On Tuesday, Australian Prime Minister Tony Abbott revealed plans for the country to reduce greenhouse gas emissions over the next 15 years by at least 26 percent below 2005 levels. The announcement was quickly followed by criticisms from climate activists and conservationists, worried that the country’s goal was less aggressive than most other developed nations’ plans to reduce carbon emissions.
For comparison, the United States has publicly set a goal of reducing emissions by 41 percent by 2030, according to the New York Times. “If the rest of the world followed Australia’s lead, the Great Barrier Reef would disappear,” said Tony de Brum, the foreign minister of the Marshall Islands, the sinking archipelago off the coast of Australia that’s pledged to reduce emissions by 45 percent by 2030.
Australia, which still relies on coal to produce at least three quarters of its electricity, ranks among the worst carbon emitters per capita of developed nations.
“If the rest of the world followed Australia’s lead, the Great Barrier Reef would disappear.”
At a media conference, Abbott stated that the emissions reductions would not require the government to stifle the nation’s coal industry, the Sydney Morning Herald reports. The prime minister called the goal both environmentally and economically responsible. Emphasizing his support for jobs over the environment, Abbott said “we are not going to clobber the economy to protect the environment.”
There’s a strong irony to Abbott’s laissez-faire approach: Research has shown that the country is particularly vulnerable to climate change. If Australia fails to curb emissions, climate models predict that by 2030 the country may experience average temperatures that are up to 2.3 degrees Fahrenheit warmer than the country’s average for the two decades preceding 2005, and 4.5 to 8.4 degrees Fahrenheit higher by 2090, the Guardian reported earlier this year.
“Australia will warm faster than the rest of the world,” Kevin Hennessy, a principal research scientist at Australia’s national science agency (CSIRO), told the Guardian. “Warming of [4.5 to 8.4 degrees Fahrenheit] would have a very significant effect: there would be increases in extremely high temperatures, much less snow, more intense rainfall, more fires and rapid sea level rises.”

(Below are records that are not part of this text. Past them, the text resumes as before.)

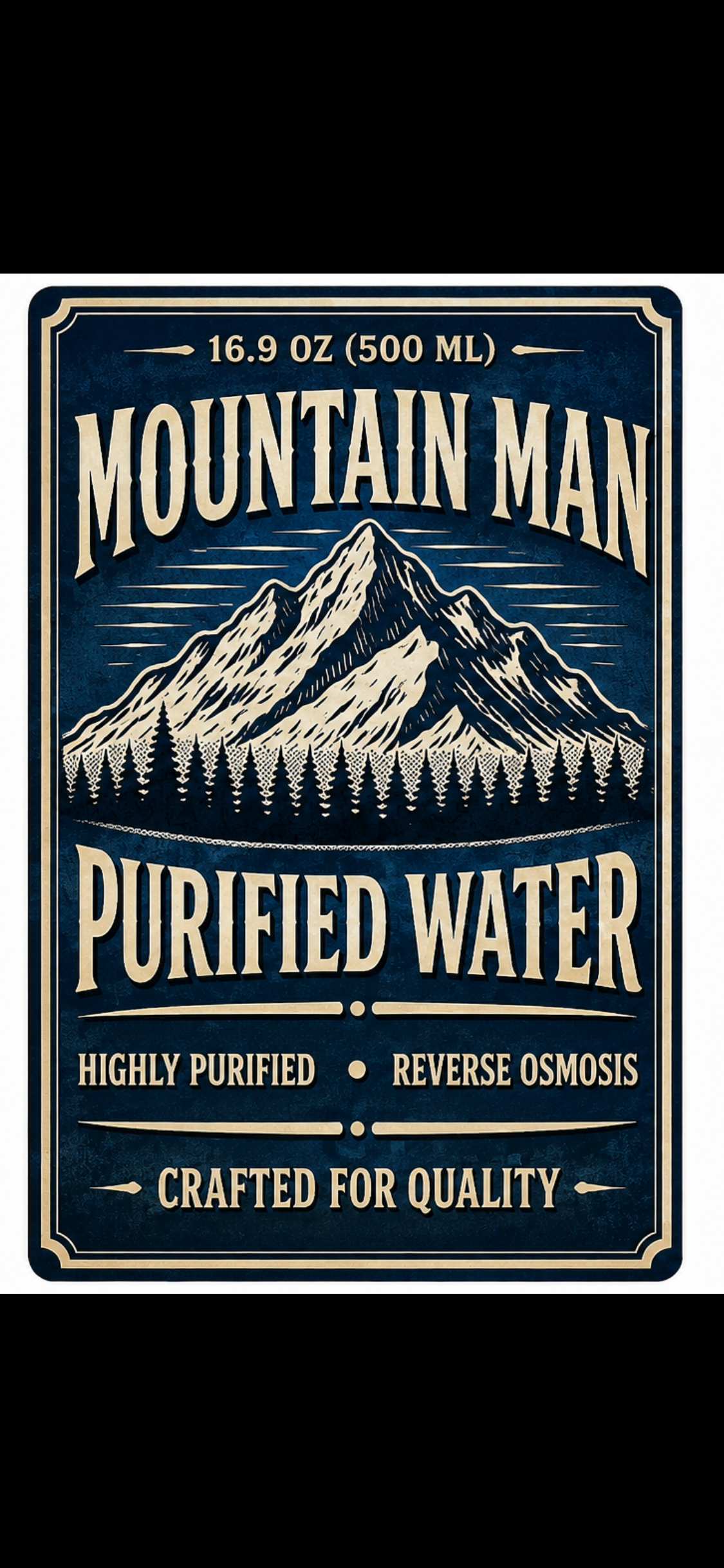Close-up of Mountain Man Purified Water bottles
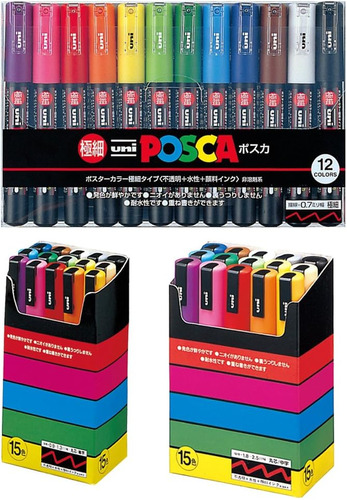 -posca Paint Marker Pen Bundle Set, Mitsubishi Pencil  ...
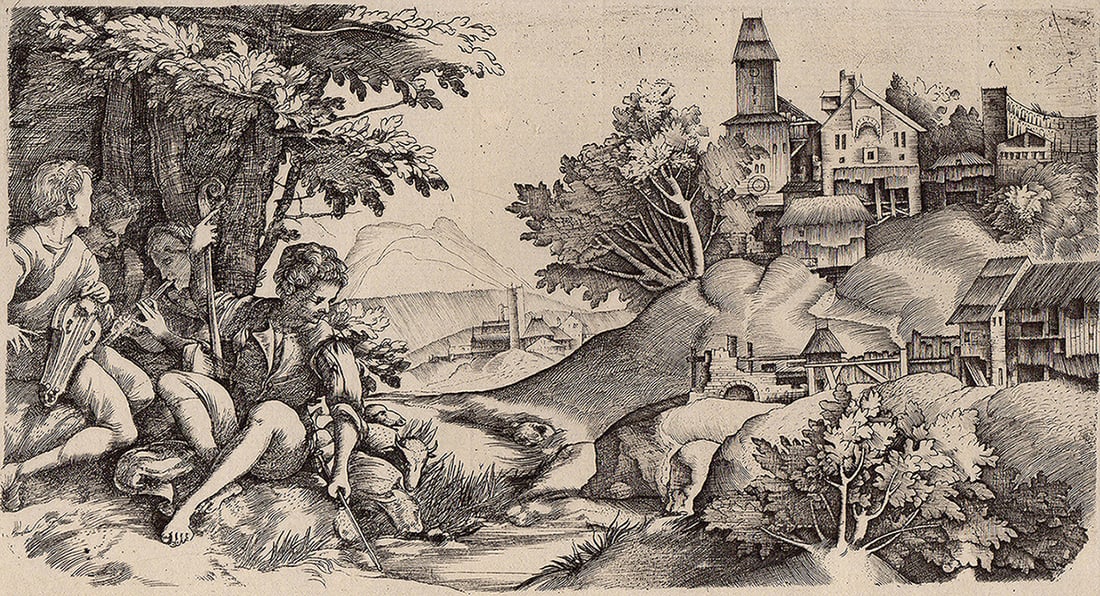 1876 Campagnola The Four Shepherds Durand Goring Unique: Giulio Campagnola (Italian, Padua ca. 1482-ca. 1515/18 Venice). At left four shepherds with musical instruments seated under a group of trees; at right a hilly landscape with buildings. (From Hermann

Humanity has inarguably been re-shaping our planet’s climate for decades, but we are rapidly approaching a crossroads, where even our cumulative best efforts will not be enough to prevent global warming and the all but inevitable hardships of extreme temperatures and weather. The Climate Change Authority, an independent agency in Australia, recommended that the country reduce emissions by 45 to 63 percent below 2005 levels to adequately contribute to worldwide efforts to limit global temperature increases. The prime minister’s pledge of what has been called a “pathetic” 26 percent may not be enough to prevent runaway climate change.